What was the biggest challenge in making the film?
SSL: To be honest, just getting it done, just the actual work of getting it done. It’s in that genre… When you are writing and directing and shooting it and the visual effects company was set up in Dublin – Windmill Lane set up a company just for the film – so it was a big ask. It is in that genre, that place of the low budget, B movie area and it was a big task. It was two and a half years from writing it and setting it up and prepping it. We only really had eight and a half weeks to shoot it, which is not a lot for this kind of film, it was six day weeks and 17 hour days so it took a bit of time.
You and James Mather are both credited as directors, how did you balance out the task?
SSL: James and I met in film school at Dun Laoghaire College of Art 20 years ago now. We have been filming together ever since, doing commercials, James has been shooting as Director of Photography on dramas and TV stuff, as well as the commercials. We have been shooting all over the world for 20 years and he shoots it, he lights it, he operates the camera and I look after the performances and the actors. There is really very little discussion when we are shooting because we have been shooting together for so long… Irish people know that a nod and a wink and we’ll do that and sort that out… So there isn’t a lot of discussion because there is a familiarity there that is a huge advantage.
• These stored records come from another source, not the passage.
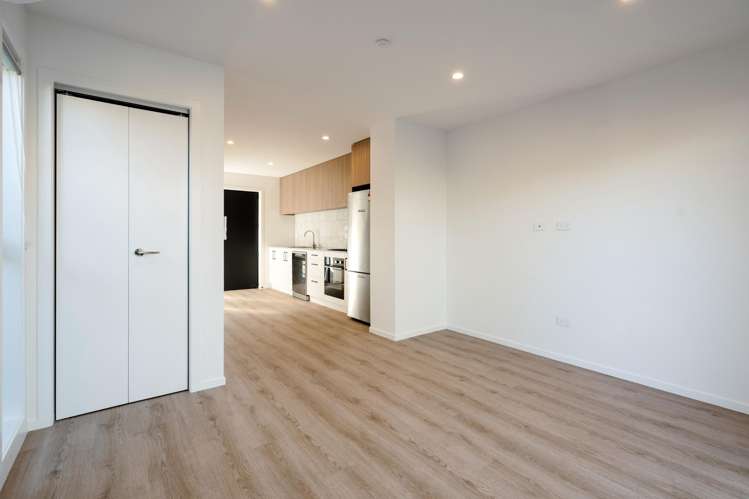 7/208 Bankwood Road Chartwell_2
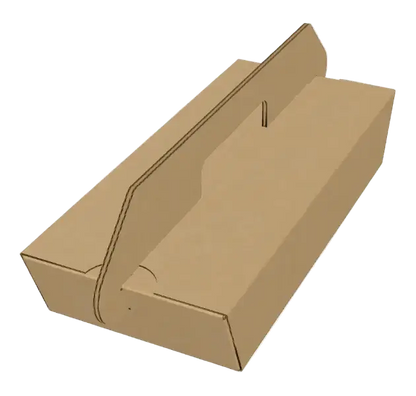 Custom Carton (Calculator)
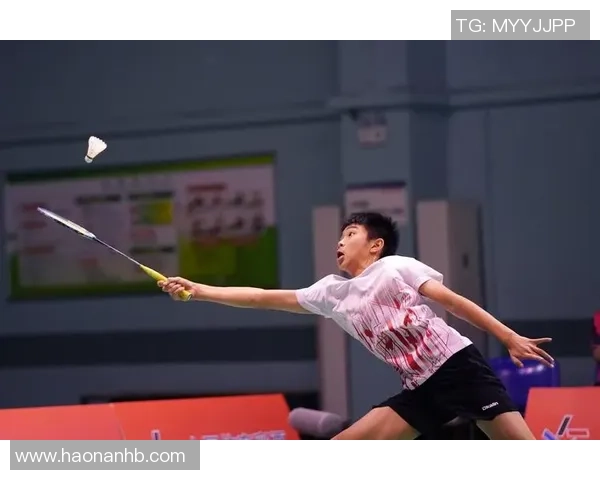 广州羽毛球队的奋斗历程与洲际杯荣耀背后的成长故事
How did you go about casting the film?
SSL: Peter Stormare is just a legend… We also got Lennie James who is really good, he is a brilliant actor. We got Joe Gilgun, we got Vincent Regan, we got Maggie Grace from Lost and Taken and then there was the question of who do we get as Snow. Luc suggested Guy Pearce and Luc seems to have a knack for these things; casting against type. He did it with Liam Neeson in Taken, people were saying ‘Oskar Schindler in an action movie? How is this going to work?’ but Liam Neeson is brilliant in Taken. So we met up with Guy Pearce and he was really thin at the time. We met him in New York and he was doing Mildred Pierce at the time with Kate Winslet, and his character was very thin, but I didn’t know that he used to be a bodybuilder when he was 17 or 18. He put on 50 pounds or whatever, he was at the gym twice a day and he really bulked up for the film and he’s great.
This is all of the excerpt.